Abstract

Background: Many different organisms can cause urinary tract infections, but Escherichia coli, Klebsiella pneumoniae, Proteus mirabilis, Enterococcus faecalis, and Staphylococcus saprophyticus are the most prevalent ones. 60% of all antibiotics used to treat infectious diseases around the world are beta-lactam antibiotics, one of the main classes used to fight gram-negative and gram-positive bacteria. Objective: The purpose of this study is to detect and isolate Extended-Spectrum Beta-Lactamases (ESBLs), which are responsible for urinary tract infections, as well as check for any potential medication resistance. Materials and Methods: The gram stain technique and biochemical assays were used to identify 100 urine samples from Khartoum state hospitals based on their cultural characteristics and morphological appearance. Using the disk diffusion method, the isolates were tested for antimicrobial susceptibility to third-generation cephalosporins (Cefotaxime, Ceftazidime, and Ceftriaxone). The Combination Disk Technique (clavulanic acid+third-generation cephalosporins) was used to inoculate the bacterial isolates to demonstrate their capacity to create ESBL. In comparison to non-ESBL producers, the ESBL producers were assessed. Results: E. coli, Klebsiella, S. aureus, Proteus, and Pseudomonas were among the microorganisms isolated from UTI patients. 61% of the participants in this study were female, whereas 39% were male. E. coli has an increased frequency among isolated bacteria, as it presented in 46% of urine cultures, followed by pseudomonas and Klebsiella, each with a 22% frequency. Growth of the majority of the bacteria was found among females more frequently than males, and it also seems to be among older age patients than younger.
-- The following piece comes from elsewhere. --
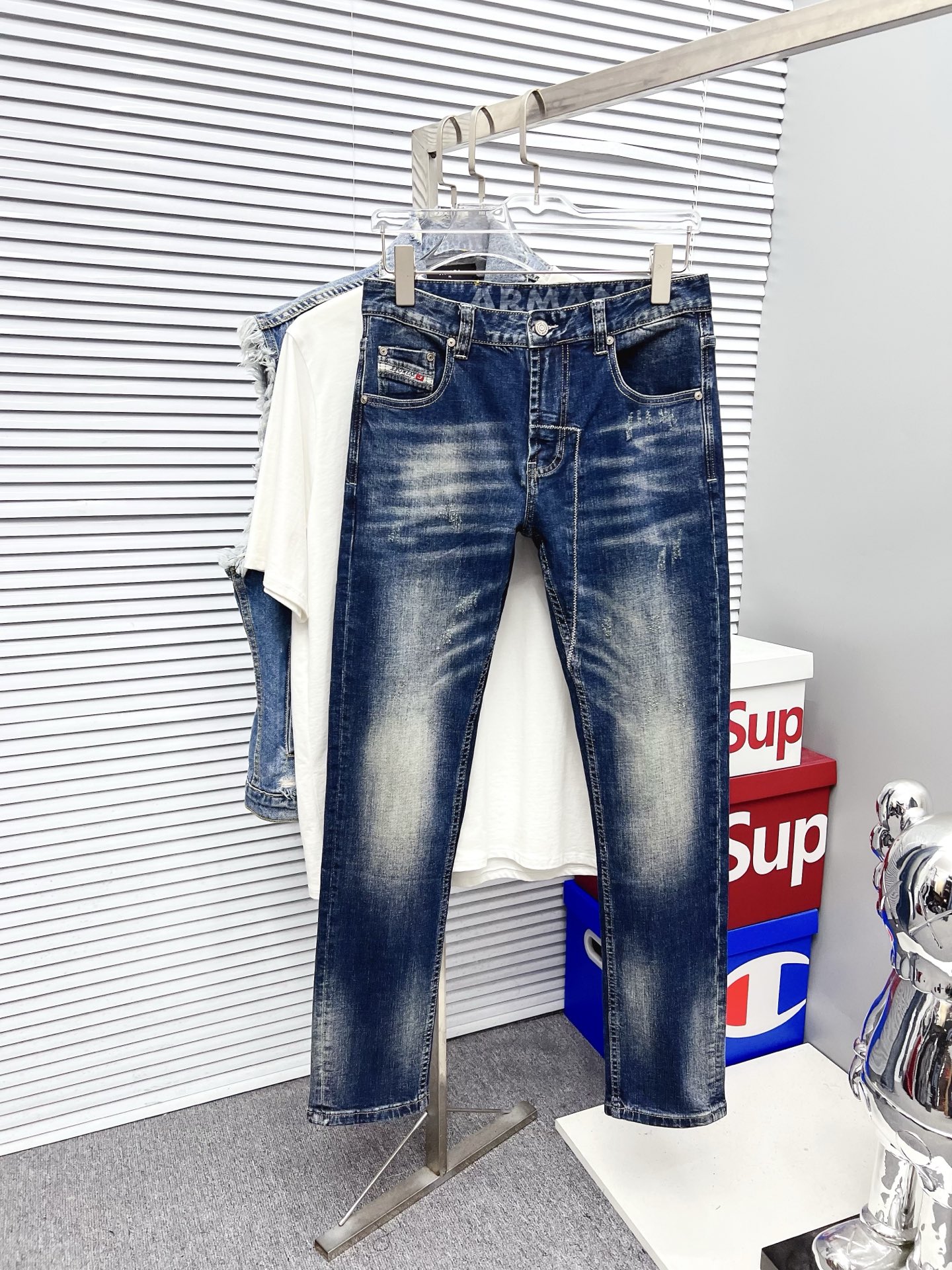 NO:550906,Armani Men's denim jeans, official album poster outfit!  Customer-supplied high-quality imported denim original color fabric, specially selected Japanese Okayama pure 13oz ounce denim fabric, heavy environmentally friendly plant enzyme washing process, the texture has a light retro color, which is quite beautiful, and is very suitable for the autumn and winter color matching. The fabric is soft and delicate after washing, but has a strong bones and a little elastic, providing an excellent comfort experience. There is no damage to any craft elements throughout the body, retaining the purest tannin color!  The whole body details are so perfect, exquisite and exquisite. The latest waist leather marks highlight the brand's characteristics, and hardware accessories, leather marks, and wiring all reflect craftsmanship!  The style is perfectly tailored, and the hip lifting effect is excellent. It can easily sweep any top matching in the wardrobe. It has extensive compatibility and is satisfied with various daily outfits. It has a lot of upper body styles and must-have trousers for quality control and 1V masturbation control!  Size 29-40 (no 35.37), Armani, Armani, Jeans, Alexander wang19860909Armani 阿玛尼 男士丹宁牛仔裤,官宣画册海报穿搭款！ 客供高级进口的丹宁原色面料,特选日本冈山纯正13oz 盎司牛仔布料,重磅环保植物酵素水洗工艺,肌理有着淡淡的复古色彩,相当漂亮,极符合秋冬的配色,面料经过水洗后柔软细腻,但筋骨感极强,且略带弹力,提供了绝佳的舒适体验,通身无任何工艺元素破坏,保留了最纯粹的丹宁本色！通身细节完美如斯,精湛且考究,最新的腰部皮标彰显了品牌特质,五金配件、皮标、走线无不体现出匠心工艺！版型剪裁完美,提臀修身效果绝佳,可轻松横扫衣橱任何的上装搭配,兼容性广泛,满足于日常各种穿搭,上身型款十足,于品质控及1V迷控者必入型裤装！ 尺码29—40（没35.37）,,armani,armani,jeans,alexander wang,Men's clothing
Amoxyl alone and in combination with Clavulanic Acid (AAMC) was the most medicine that bacteria were resistant to (76%), but Ceftriaxone (CTR) has higher sensitivity (45%) and resistance (50%). The growth of the bacteria in the media of antibiotics was sorted into sensitive, intermediate, and resistant. Conclusions: Tested antibiotic resistance was higher for AAMC than for CTR, which is typically taken without performing urine sample culture and sensitivity testing, which over time leads to increased resistance.